I have to be honest about the founder, because aikidō's admirers often are not. Ueshiba Morihei was a real and well documented man, which already sets him apart from the half-legendary founders of the older schools, but the figure his students remember as Ōsensei is wrapped in a great deal of religious language that I cannot take as plain history. He was a serious follower of the Ōmoto religion, and in his later years he spoke about his art in terms of kami, cosmology and universal love that meant a great deal to him and mean very little to me. I do not say this to mock him. I say it because the man underneath the mysticism is more interesting than the saint his followers painted, and because the honest way to admire someone is to look at what he actually did.

What he actually did was take the Daitō-ryū aiki-jūjutsu of Takeda Sōkaku, a hard and effective grappling art, and slowly turn it towards a different purpose. That transformation is the part of the story I trust, because it is documented and because it is visibly true in the techniques. You can still see the joint locks and the balance-breaking of the parent art inside aikidō, but they have been bent towards control rather than destruction. I like that you can watch an art change its mind over one man's lifetime, and that nobody pretends it arrived complete and unchanging.

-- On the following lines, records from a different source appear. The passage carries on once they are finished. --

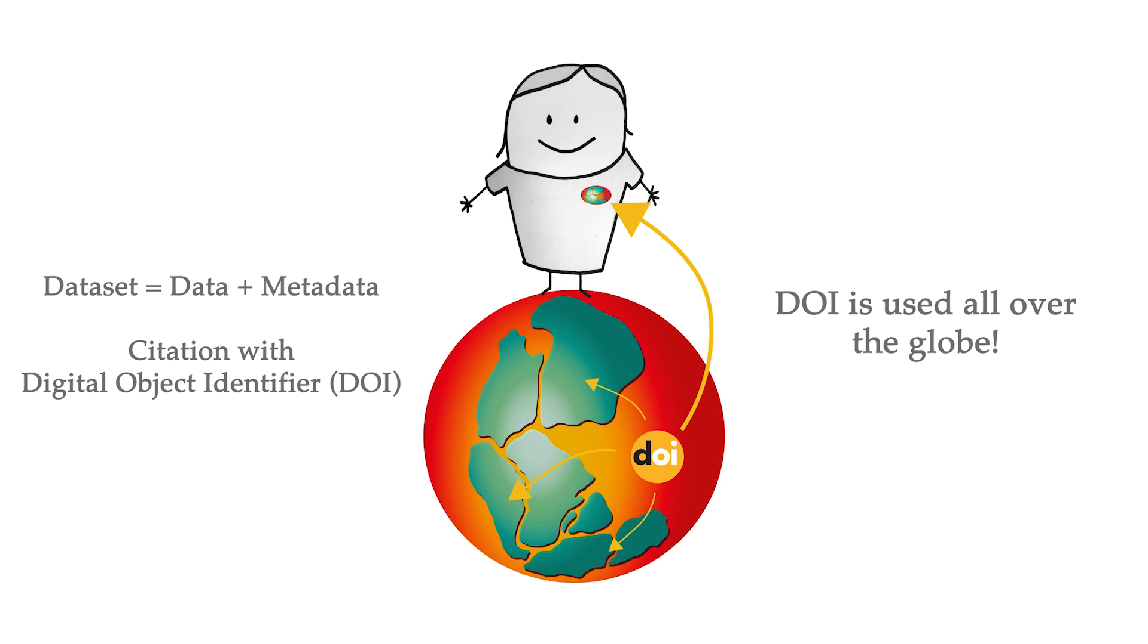Pangaea is a fully curated data repository, so once you take the initial step, we will help you personally through the further submission process.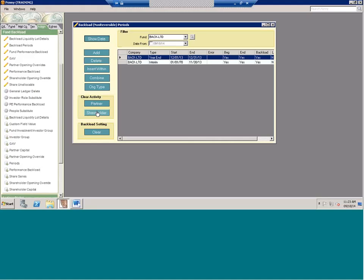I also recommend that you get all of your templates ready first and then import all at once. The general ledger side and the capital side in a backload period don't talk to each other. So one of the checks I recommend is to verify the capital amount on your trial balance matches the capital amount on your capital reports and make sure they tie out.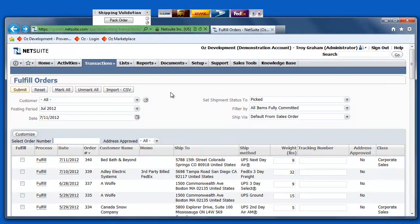Are you a NetSuite user looking for a way to automate your ASNs for your EDI trading partners? During this demonstration, we'll show you how to leverage best of breed solutions from SPS Commerce, Oz Development, and NetSuite to automate ASNs.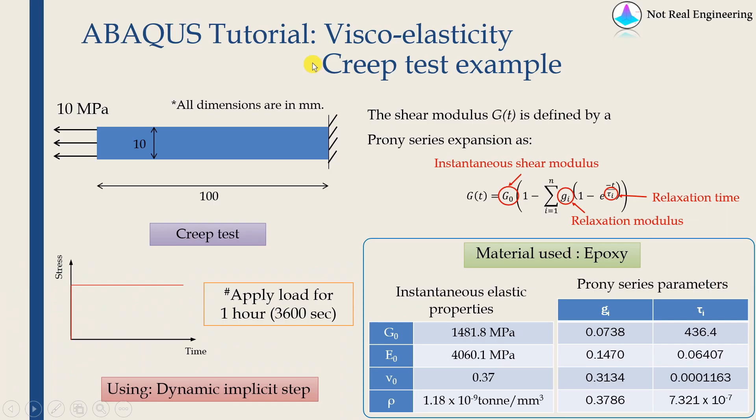Hi everyone. Welcome to a new video from Not Real Engineering. In this video, we are going to discuss viscoelasticity analysis in ABAQUS CAE.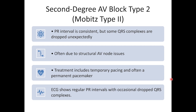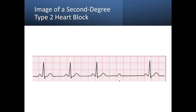Next, let's talk about a second-degree type 2 AV block, also known as a Mobitz type 2. This type is much more dangerous and often requires immediate intervention. In a second-degree type 2 AV block, we don't see the progressive PR interval lengthening seen in type 1. Instead, there's a sudden unexpected failure of conduction — the PR interval remains constant, but some atrial impulses simply don't make it through the AV node to the ventricles, resulting in a dropped QRS complex.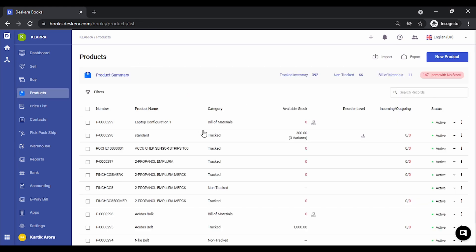So this way, you can create an Excel file for all your BOM products, define the components, and import them in a single go.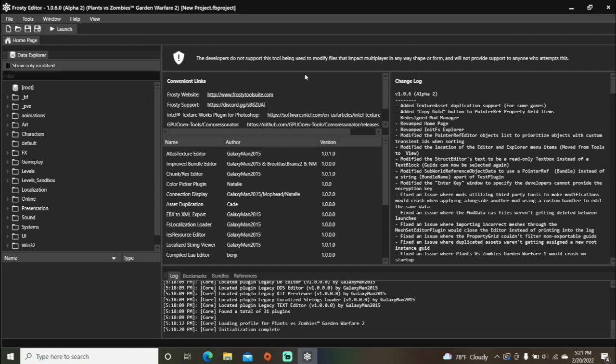So today, I'm going to show you how to make projectiles spawn on kills in Frosty Editor for PvZGDB2.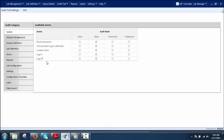Silent means this type of audit trail monitors and logs activities silently without any intervention by the user. Interactive means the audit trail monitors activities and asks the reason for performing them. E-Signature means the user must authenticate themselves to perform the activity and provide the reason for performing it.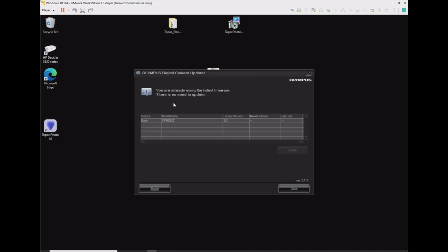If you had an older version of the firmware and needed an update, this program would tell you and it would proceed forward with the update.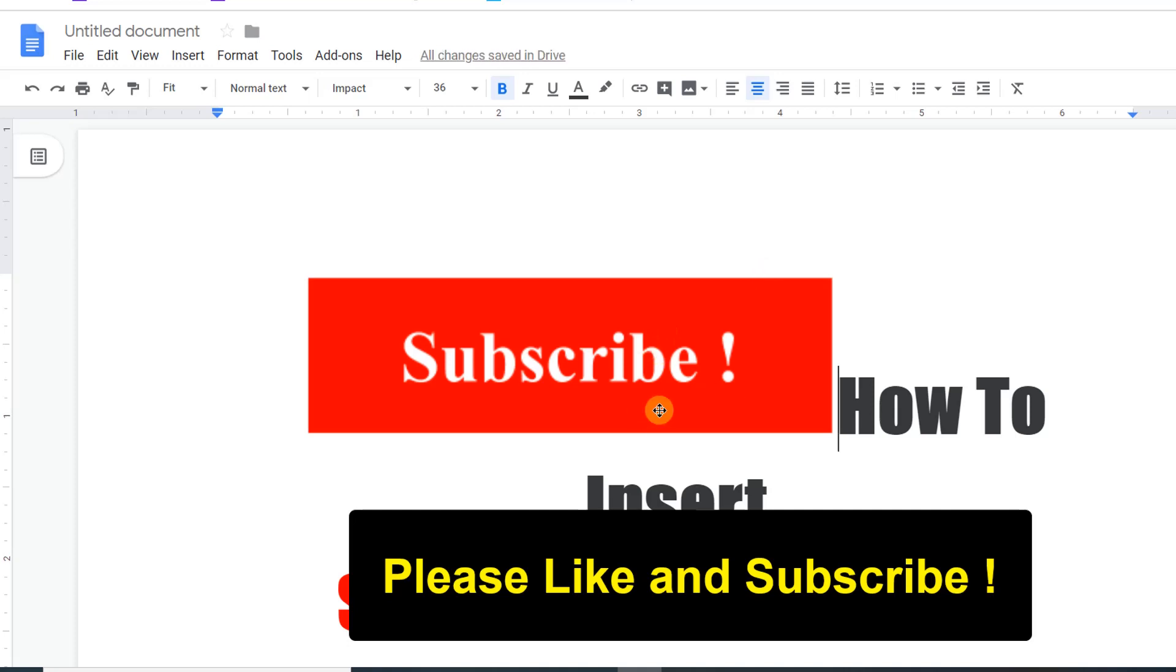Don't forget to check out other interesting videos. If you like this video, please like and subscribe. Thank you.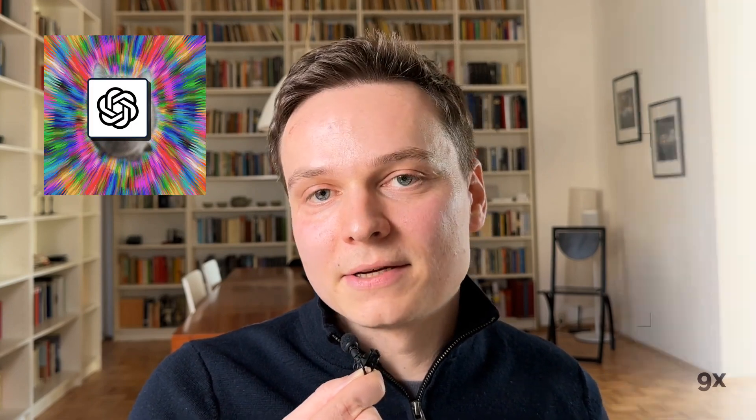Then comes the last model dimension I care most about: hallucinations. Does the model sometimes make up stuff that we need to correct or double-check? I found that ChatGPT tends to do that more frequently than Claude. Claude is more reliable in this regard. Therefore, on the model side, Claude wins. Claude has the best model. For certain tasks such as writing important content pieces, I will give it to Claude right away and skip ChatGPT.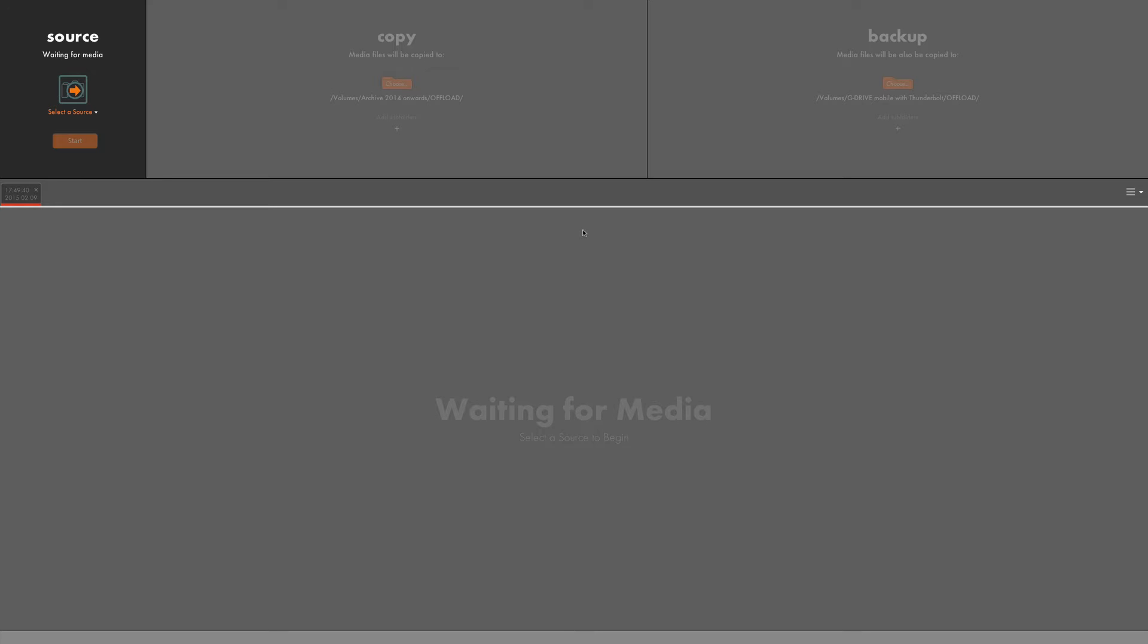So RedGiant have come out with an application called Offload, which is very simply the best way to manage, copy, and backup your footage in the field. It has a really simple user interface and as you will see, a really simple methodology.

I am also glad that aikidō is honest, almost by accident, about the limits of lineage. The art splintered almost as soon as it had a name. Shioda went one way, Tōhei another, Tomiki built something his own teacher would barely have recognised, and the Ueshiba family kept the centre. People argue about who holds the real thing, and I find I do not much care. The disagreements are not a scandal to be hidden; they are simply what happens when living people inherit something and each take from it the part they most valued.

The hardest question, and the one I cannot dodge, is whether aikidō works. I have watched practitioners flow through attacks with a grace that looks like magic, and I have also watched the same techniques fall apart against someone who genuinely refuses to cooperate. The truthful answer is that it depends entirely on what you are asking the art to do. As a method of defeating a determined, resisting opponent it is, at best, demanding and unreliable. As a discipline for learning to stay calm, to move well, and to meet force without panic, it is quietly excellent. The mistake is to demand that it be both at once and then to feel cheated when it is not.

So I keep a certain affection for aikidō while refusing to be sold the larger claims. I do not believe it makes a small person invincible, and I do not believe its founder tapped some universal energy running through the cosmos. What I do believe is that a gifted man took a brutal art and asked whether it could be turned towards harmony, and then spent the rest of his life trying to answer the question. That is a strange and rather beautiful thing to attempt, and the honest response is neither to worship it nor to sneer at it, but to watch it clearly and give it its due.